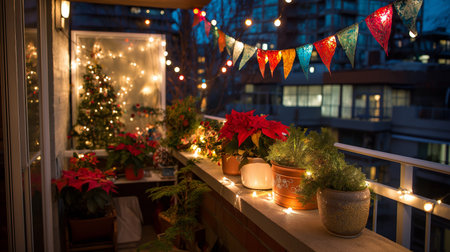 Colorful lights and plants bring a cheerful vibe to a balcony decorated for the winter season.の素材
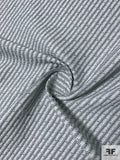 Italian Textured Diagonal Striped Novelty Suiting - White / Navy / Sky Blue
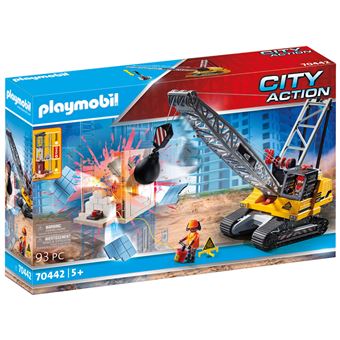 Playmobil City Action 70442 Dragline avec mur de construction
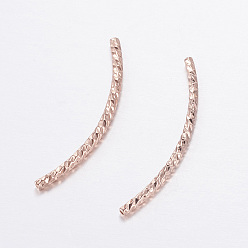 Rose Gold Brass Tube Beads, Long-Lasting Plated, Grooved, Rose Gold, 29x1.6mm, Hole: 1mm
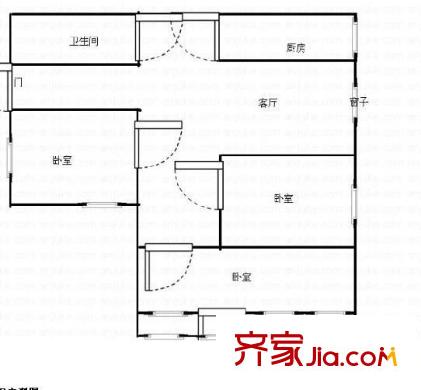 水總宿舍 3室 戶型圖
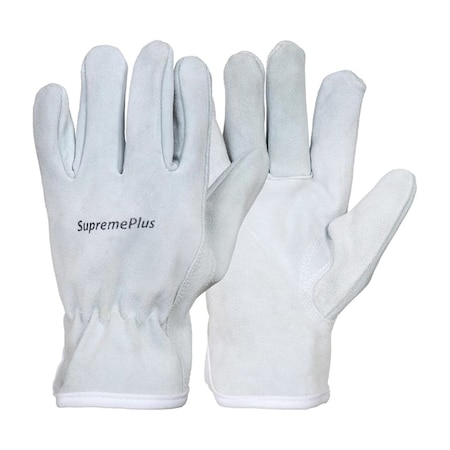 Supremeplus Split Cowhide Leather Driver Gloves, White, Size: XL, Pair 1 SP-6465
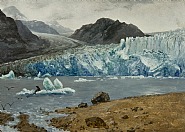 Albert Bierstadt - Alaskan Glacier (Paintings) h: 19 x w: 27 in / h: 48.3 x w: 68.6 cm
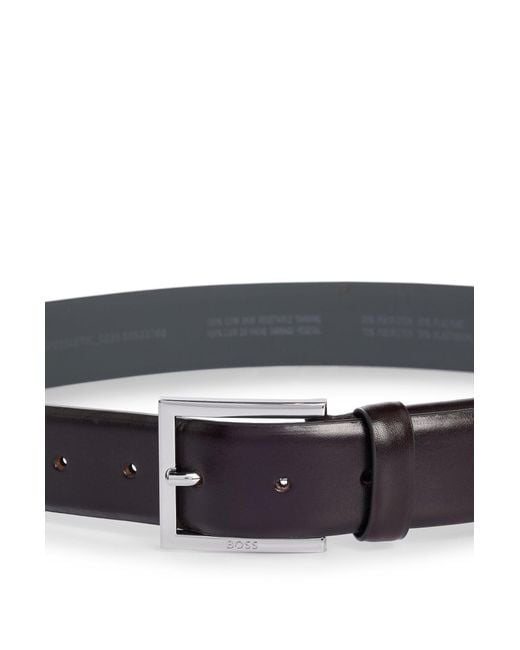 Boss Brown Leather Belt With Square Logo-engraved Buckle for men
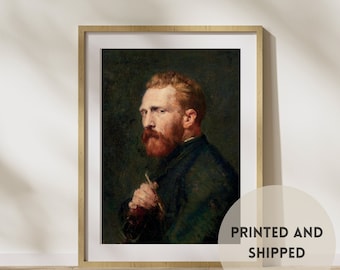 PRINTED Van Gogh Vintage Painting 8x10,  Dark Academia Moody print on linen paper effect for wall decor gift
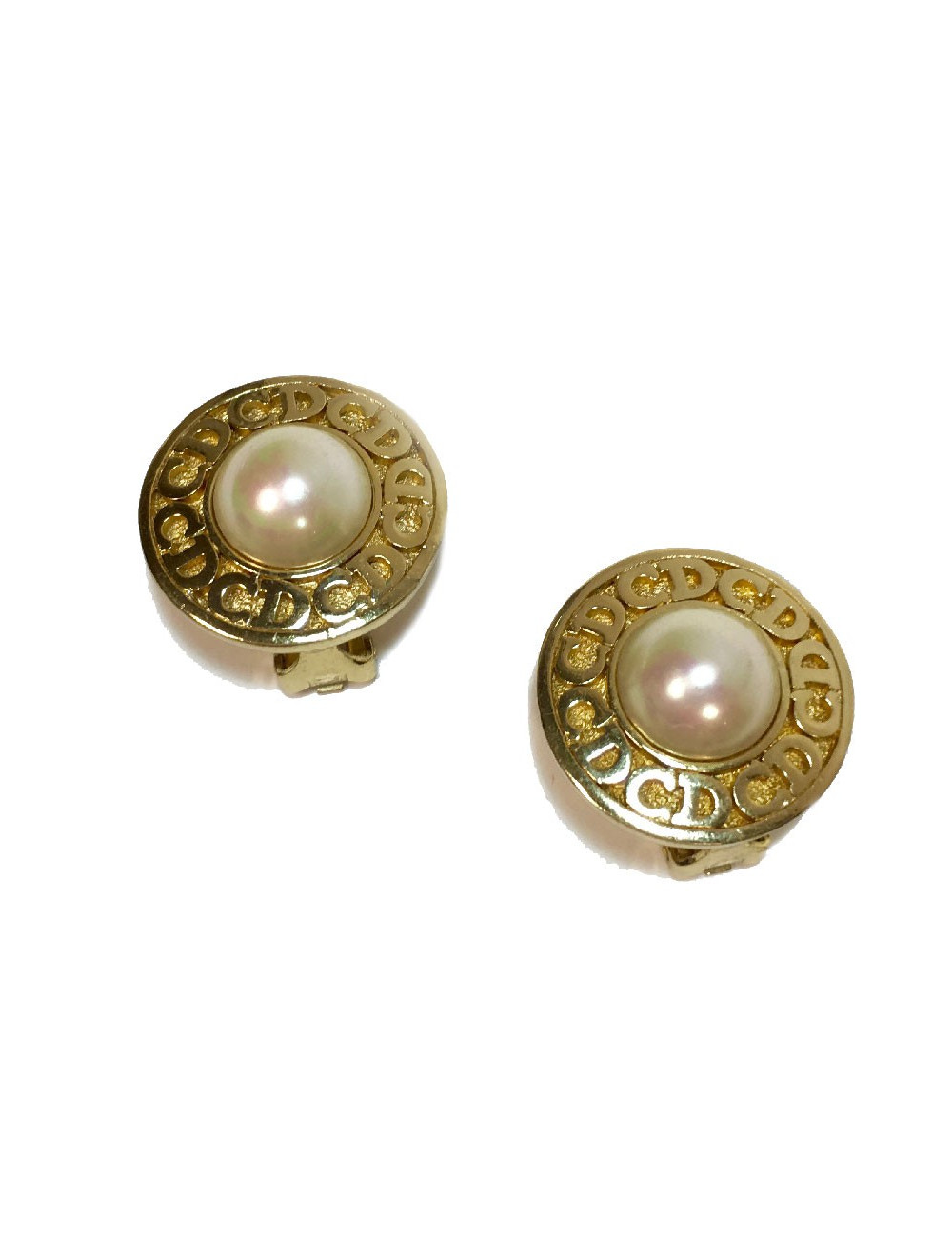 Boucles d'oreille clips CHRISTIAN DIOR dorés et perle nacrée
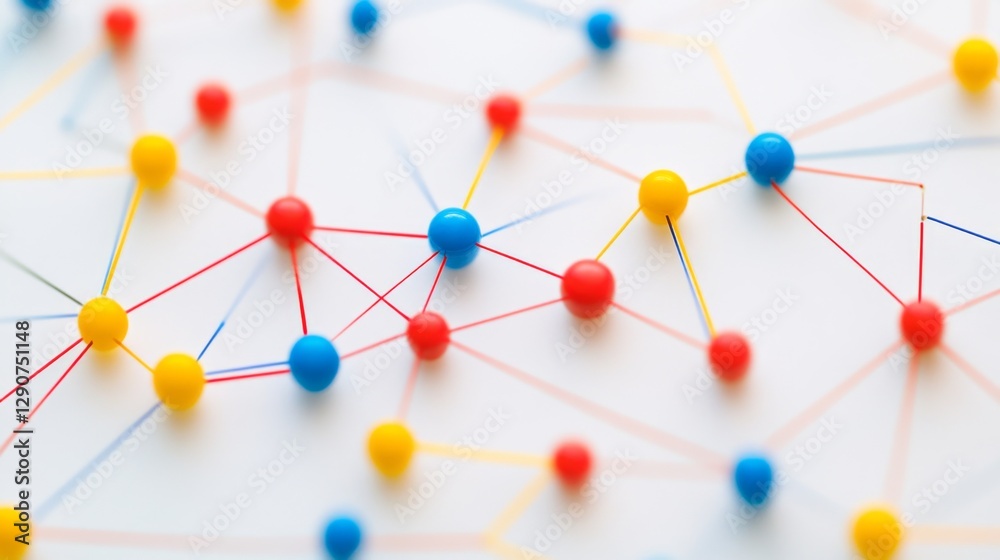 Poster interactive data flow graph with colorful nodes and connecting lines on a white background, giving a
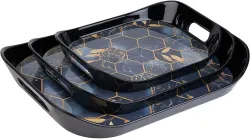 Sorath premium plastic Era Serving Tray Set of 3 Honeycomb Design Tray  (Pack of 3)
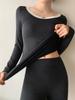 Conjunto de Ropa Interior Térmica para Mujer 2024 Nuevo Lana de Oveja Autocalentable Camiseta Base Ropa de Otoño Pantalones de Otoño Interior de Invierno para Mujer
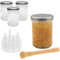 Fermentieren Starter Set 4x Fermentierglas 435 ml mit Deckel PVC frei, Fermentiergitter, Holzstampfer und Etiketten
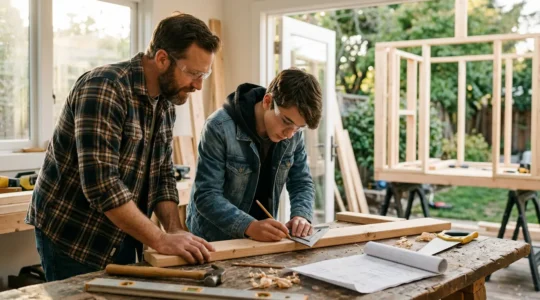 Parent et adolescent travaillant ensemble sur la construction d'une cabane en bois dans un atelier lumineux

YOUR GOAL – Every line from the one with "Rose Gold Brass" through the one with "Albert Bierstadt - Alaskan" is to be reproduced exactly as written above, and the pictures are to be dropped.

TASK SOLUTION –
 Rose Gold Brass Tube Beads, Long-Lasting Plated, Grooved, Rose Gold, 29x1.6mm, Hole: 1mm
 水總宿舍 3室 戶型圖
 Supremeplus Split Cowhide Leather Driver Gloves, White, Size: XL, Pair 1 SP-6465
 Albert Bierstadt - Alaskan Glacier (Paintings) h: 19 x w: 27 in / h: 48.3 x w: 68.6 cm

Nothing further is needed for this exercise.